After 22 years as GW’s first female holding the title, the only thing that prevented Kasle from fulfilling her final duty as marshal is the one thing she could never control – a force of nature.
Freshman Convocation, meant to be a transition for new students, was also intended to be the final moment of Kasle’s tenure as marshal. But with Hurricane Irene’s arrival scheduled to fall on the same day, University administrators made the decision to postpone the event and instead incorporate it into the Freshman Day of Service on Sept. 11.
Though her involvement in the newly-combined event was temporarily up in the air, Kasle preferred to bow out entirely rather than postpone the end of her service as marshal.

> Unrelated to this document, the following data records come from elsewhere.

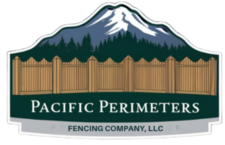 Avatar for Pacific Perimeters, LLC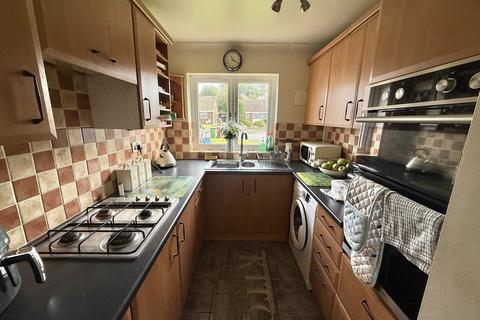 undefined, Foxbury Close, Frome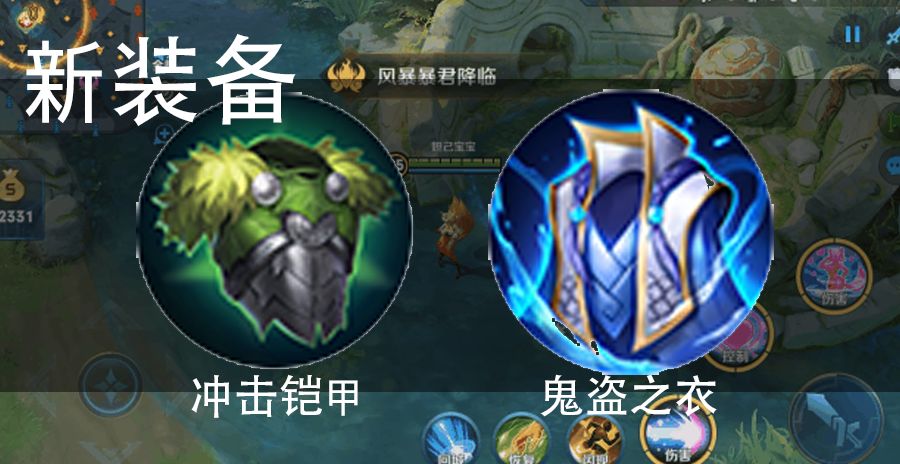 单机连连看小游戏免费版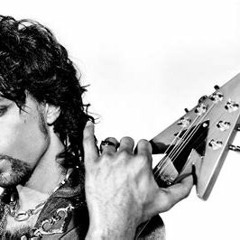 Prince - Nothing Compares 2 U ( DnB 2024)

From runaway guests of honor and cicada swarm warnings, to snow forecasts in May, the former child actress and attorney credited her ability to think on her toes as the key to running successful events that put her in contact with world leaders and legendary artists.

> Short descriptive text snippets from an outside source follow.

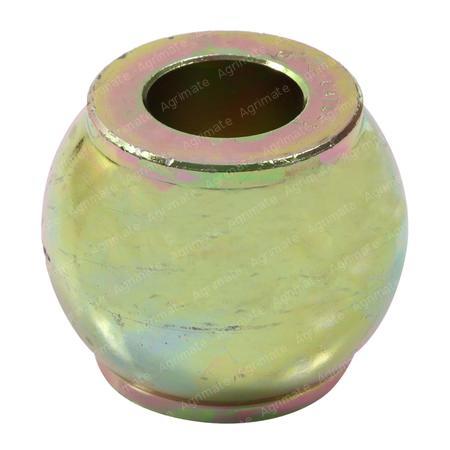 TOP LINKS BALL
CAT 4/3 - Ø 31.8 X 78 mm - L 64 mm - HD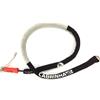 Cabrinha Bypass PRO Leash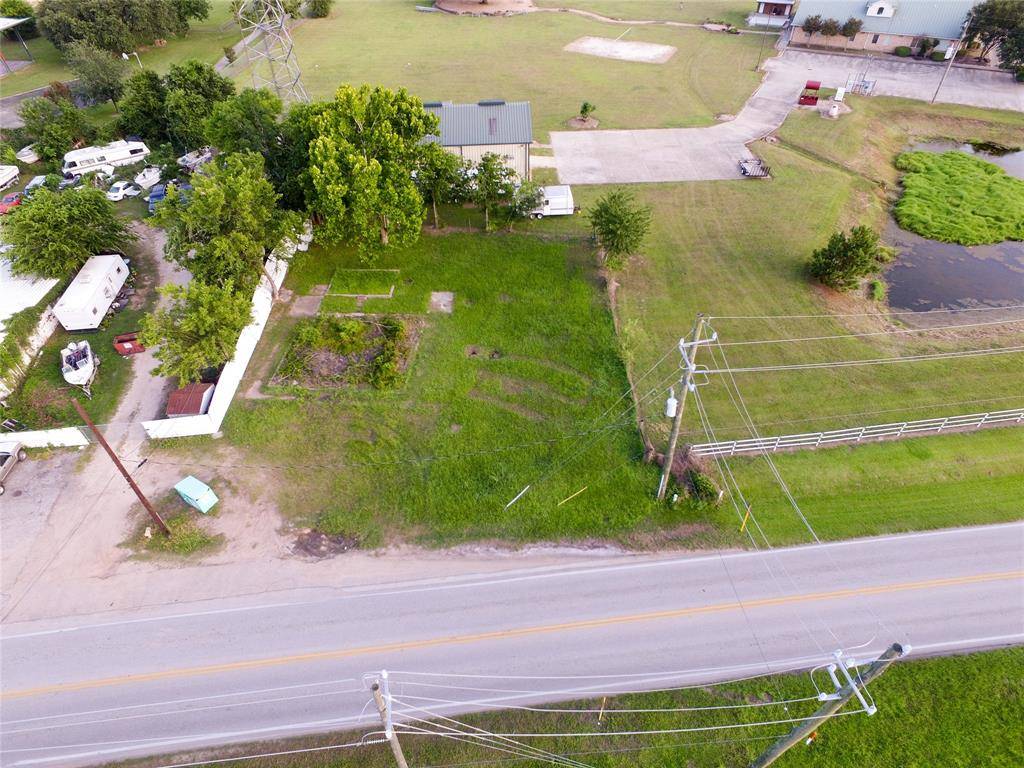 Tomball, TX 77375,1718 E Hufsmith RD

Former University President Stephen Joel Trachtenberg selected Kasle for the post in 1989, citing her “style, imagination and leadership skills” and her ability to understand his thinking.

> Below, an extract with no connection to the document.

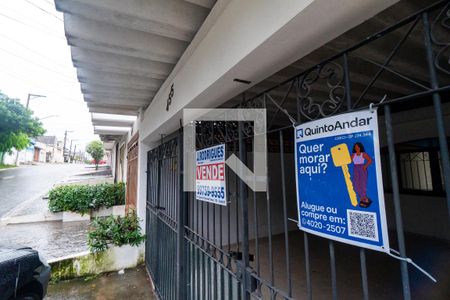 Casa à venda com 150m², 3 quartos e 2 vagasPlaquinha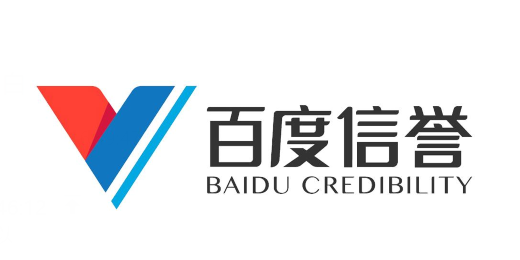 国产精品天堂网亚洲av|（进博故事）进博首秀 锚定“未来”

In a position that serves at the pleasure of the president, Kasle explained that the University’s change in leadership in 2007 had a direct impact on her role as marshal.
“When President Trachtenberg was in office, the Office of University Events put on 70 events a year and I participated in about 35. That’s a lot of events,” Kasle said. “When President [Steven] Knapp came into office, the number of events that I was required to do basically got cut in half.”
Kasle, who has studied the roots of the 900-year-old role, said the broad purview of GW’s marshal post stands in contrast to its incarnation at most other universities.
At Johns Hopkins University – where Knapp served as provost before coming to GW – the task of holding the ceremonial mace at convocation lay in his hands.
“I recall [Knapp] saying that to me and the minute he said that, I thought ‘game over,’ ” Kasle said. “When you sit by the computer and wait for an e-mail to come, when it finally comes it’s not a shock.”
Knapp recalled that the marshal for commencement at Johns Hopkins was a faculty member chosen each year from one of the university’s schools.
“Professor Kasle has served the University ably, both as a teacher and as University marshal, for many years,” Knapp said. “She has presided over countless ceremonies with dignity, wit and warmth.”
Trachtenberg, who came to GW six years after Kasle joined the faculty as an associate research professor and who continues to work down the hall from her in the Trachtenberg School of Public Policy and Public Administration, said Kasle seems reluctant to step down.
“She was crazy about her job [as marshal]. It meant a lot to her,” he said. “It complemented her other academic activities and she liked it because it gave her a full agenda.”
Besides teaching three courses per semester, Kasle writes in the field of telecommunication studies, advises undergraduate mock trial teams at GW and volunteers at the National Gallery of Art on weekends. With more free time now, Kasle expects her spring semester to focus less on the buildup to graduation and more on students.
“I came here to be a professor and I just love teaching,” she said. “My students are a riot. They really are.”
For future University events, the role of marshal will be split among various faculty and administrators.
“One of the things that people don’t realize is how much a graduation means to a university and what it says about a university,” Kasle said. “And ours always said a lot.”